In the parallel criminal case, Adelson was tried before a jury, and on February 16, 2006, he was convicted on multiple counts of conspiracy, securities fraud, and filing false reports with the Commission. On May 30, 2006, Adelson was sentenced to 42 months in prison and was also ordered to forfeit $1.2 million and to pay, on a joint and several basis, restitution of $50 million. Saad had previously pled guilty to two felony counts of solicitation of proxies with false proxy statements, and one count of failure to implement an adequate system of internal accounting controls. Saad was sentenced to three months in prison, followed by two years of supervised release, and ordered to pay a $6,900 fine. Cammarata, Torres, Gardner, and Jugan previously pled guilty to conspiracy to commit securities fraud and related counts, and in June 2006, they were each sentenced to pay, jointly and severally, restitution of $50 million. Cammarata was also sentenced to one month in prison.
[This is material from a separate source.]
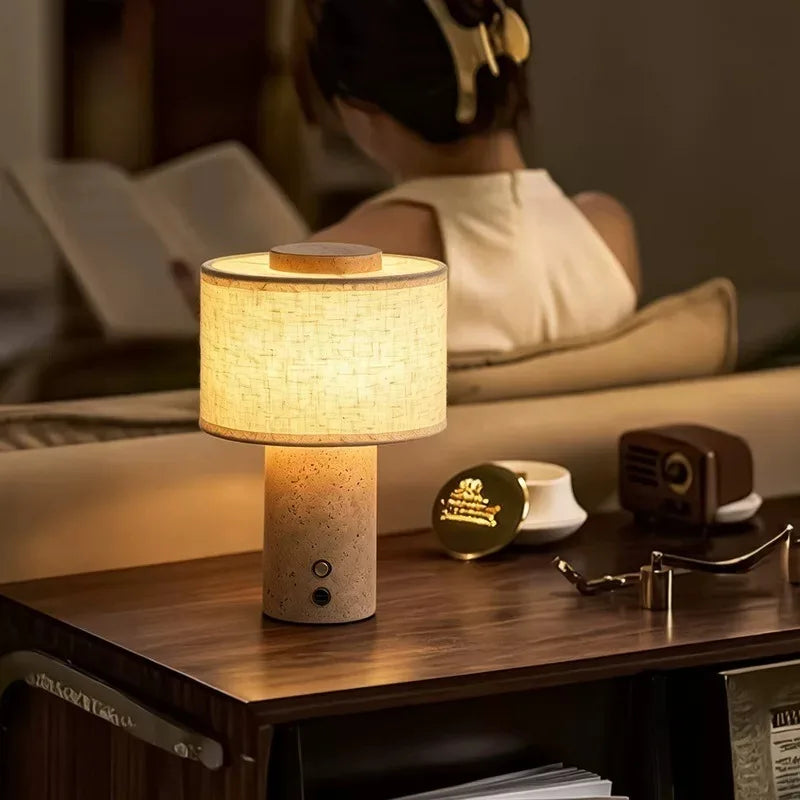 Cordless Travertine and Linen Bedside Lamp, USB-C Rechargeable – view 10 | BROKLEN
Cammarata, Torres, Gardner, and Jugan previously consented to the entry of judgments in the civil case that permanently enjoin them from committing the federal securities law violations alleged in the Commission's complaint and, in the case of Cammarata and Torres, bar them from acting as officers or directors of a public company. In addition, Cammarata consented to the entry of an administrative order pursuant to Rule 102(e) of the Commission's Rules of Practice suspending him from appearing or practicing before the Commission as an accountant. On July 28, 2006, the Commission withdrew its requests for disgorgement and civil penalties against Cammarata, Torres, Gardner, and Jugan in view of the sentences imposed on them in the criminal case.
McKie had consented to the entry of a final judgment imposing permanent injunctive relief, disgorgement plus prejudgment interest and a civil penalty simultaneous with the filing of the Commission's complaint. Accordingly, the civil case is now concluded.
The Commission acknowledges the assistance and cooperation of the United States Attorney's Office for the Southern District of New York and the Federal Bureau of Investigation in this matter.